• _EXERCISE DATA_:
--------------------------------------------------

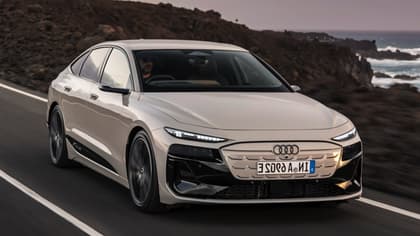 une voiture roulant sur une route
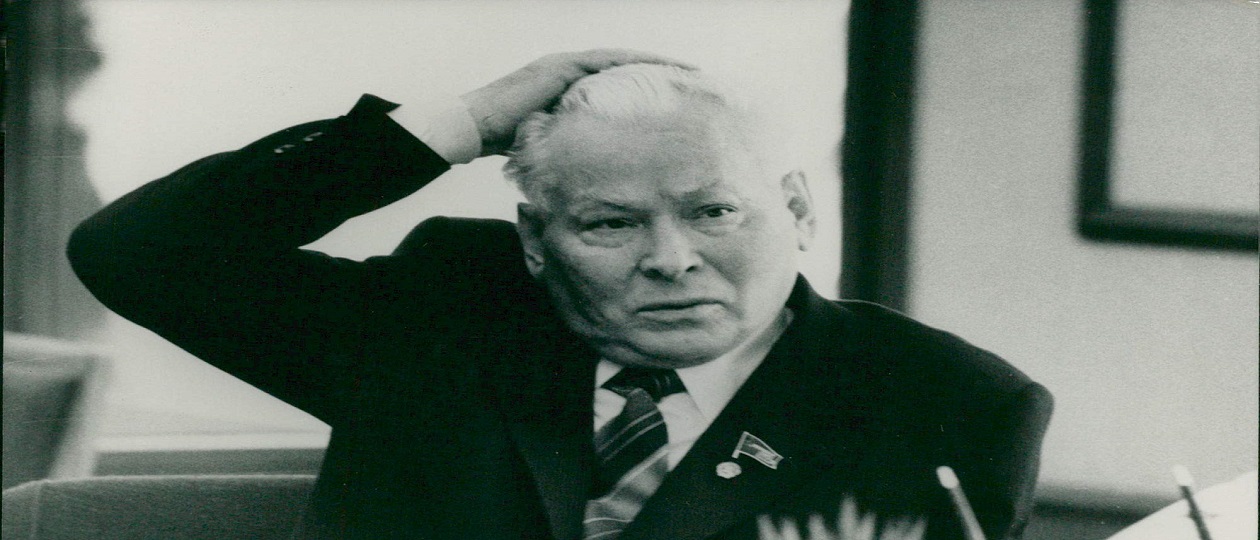 Konstantin-Ustinovich-Chernenko.jpg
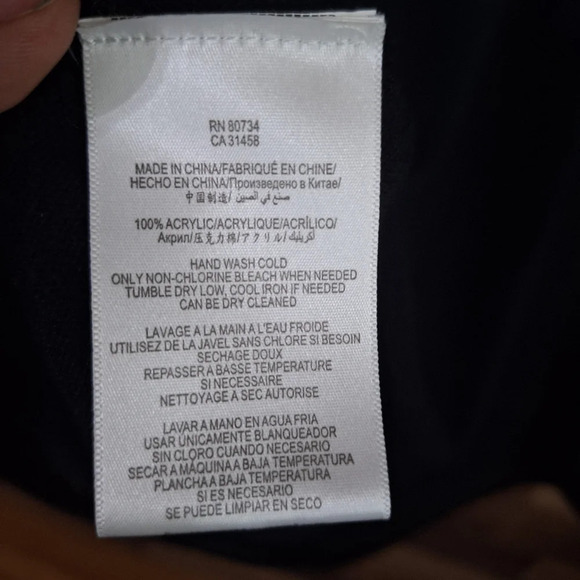 BCBG Generation V Neck Dip Dye Ombre Sweater SZ XS/S oversized - Picture 4 of 5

--------------------------------------------------

• _TASK GOAL_: Give all the lines above again, character for character, without pictures.

• _TASK RESULT_:
 une voiture roulant sur une route
 Konstantin-Ustinovich-Chernenko.jpg
 BCBG Generation V Neck Dip Dye Ombre Sweater SZ XS/S oversized - Picture 4 of 5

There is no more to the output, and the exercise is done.